Leonard Cottrell, fortieth president of the American Sociological Society in 1950, was following earlier patterns of combining administration and educational endeavors with sociology. First, in reorganizing the Cornell work in sociology by integrating its rural sociology and agricultural experiment extension studies into an effective sociology curriculum and then combining this with anthropology to develop a department of sociology and anthropology he laid the basis for not only effective teaching and general research but for extended research through special grants for area studies in cultural anthropology. Next, Cottrell's notable work as Chief Sociologist in the Research Branch of Information and Education in O.C.S. of the United States War Department from 1942 to 1945 was in the same general character and resulted not only in distinctive administrative work, with many confidential reports on the morale of American soldiers, but made substantial contributions to the pioneering work, The American Soldier, especially Combat and Its Aftermath, 1949, the second of four volumes on Studies in Social Psychology in World War II. Finally, in 1948 Cottrell became Dean of the College of Arts and Sciences at Cornell.
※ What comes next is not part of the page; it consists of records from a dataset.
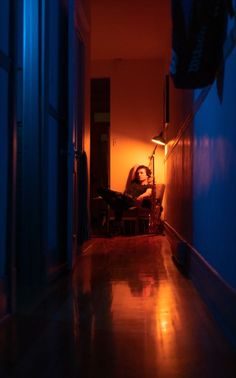 a woman is sitting in a chair at the end of a hallway with blue walls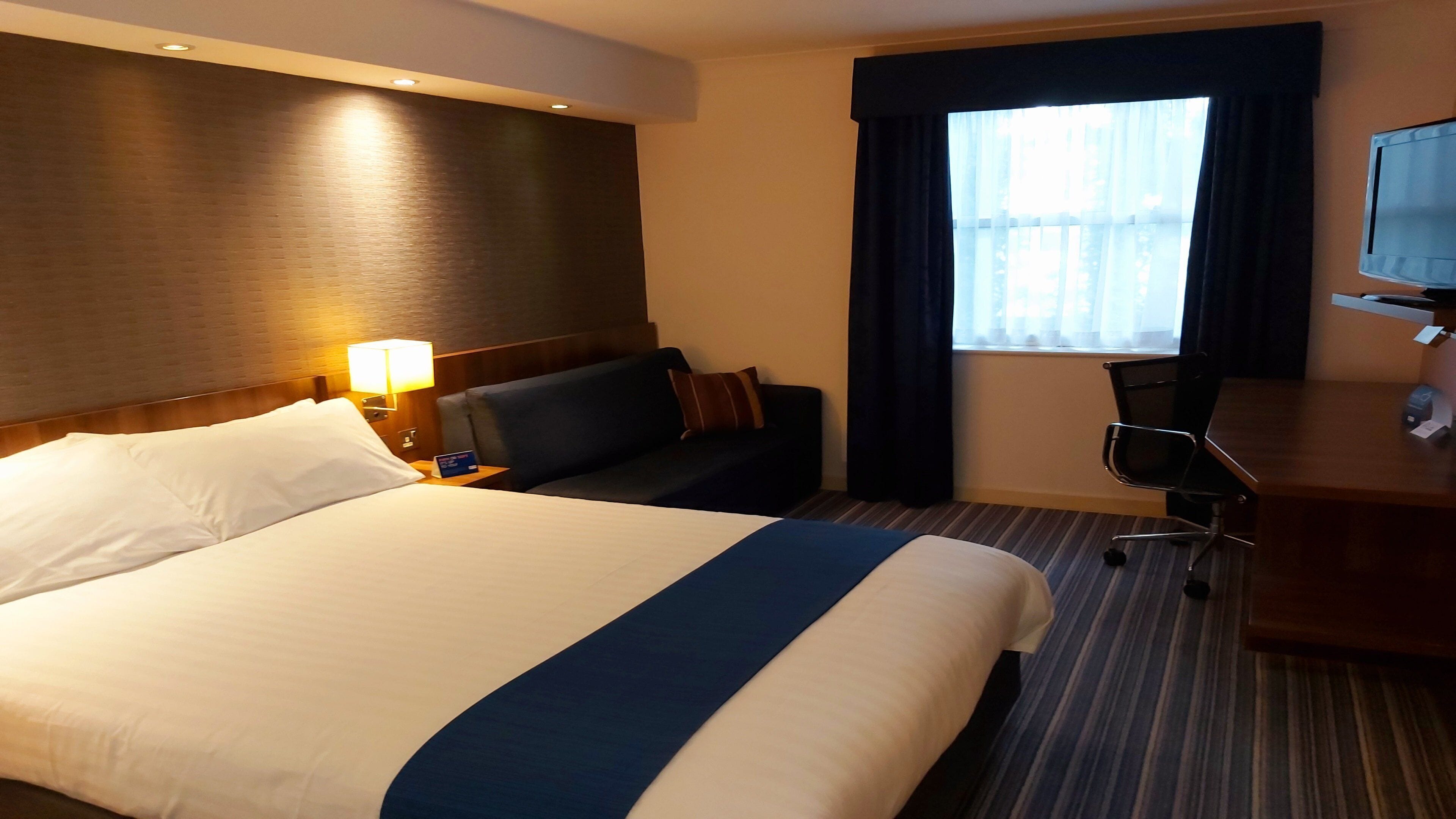 A hotel room with a large bed, a desk, a chair, a TV, and a window with curtains.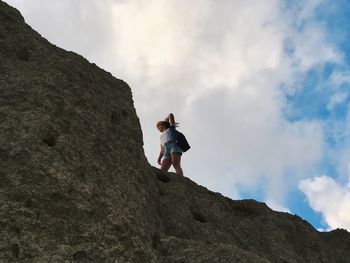 Low angle view of female hiker standing on rocky mountain against cloudy sky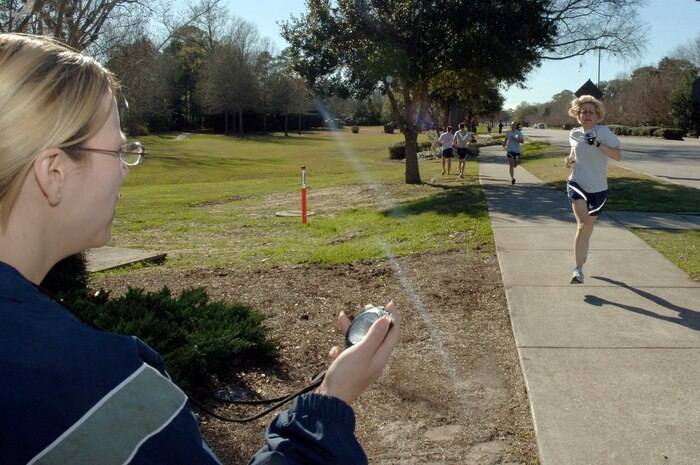 Dawn Gillen records the time as Michele Lobianco crosses the finish line during the Commander's Fitness Challenge 5,000-meter run here on base Jan. 9. More than 400 Airmen from various squadrons came out to participate in the  5K run. Lobianco was the first female to cross the finish line at 20:59 and is assigned to the 437th Operational Wing command post. Gillen is assigned to the 437th Force Support Squadron. (U.S. Air Force photo/Staff Sgt. Marie Cassetty)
The reference to earlier patterns is to some of the first presidents of the Society who were elected from administrative positions. Small was dean of Graduate Studies at Chicago as was Blackmar at Kansas. Vincent was president of the University of Minnesota, where Malcolm Willey was later dean and assistant to the president. Bogardus at South-ern California and Taylor at North Carolina State were at one time deans of their graduate schools. Queen was dean of the School of Liberal Arts at Washington, while Odum was dean at Emory University.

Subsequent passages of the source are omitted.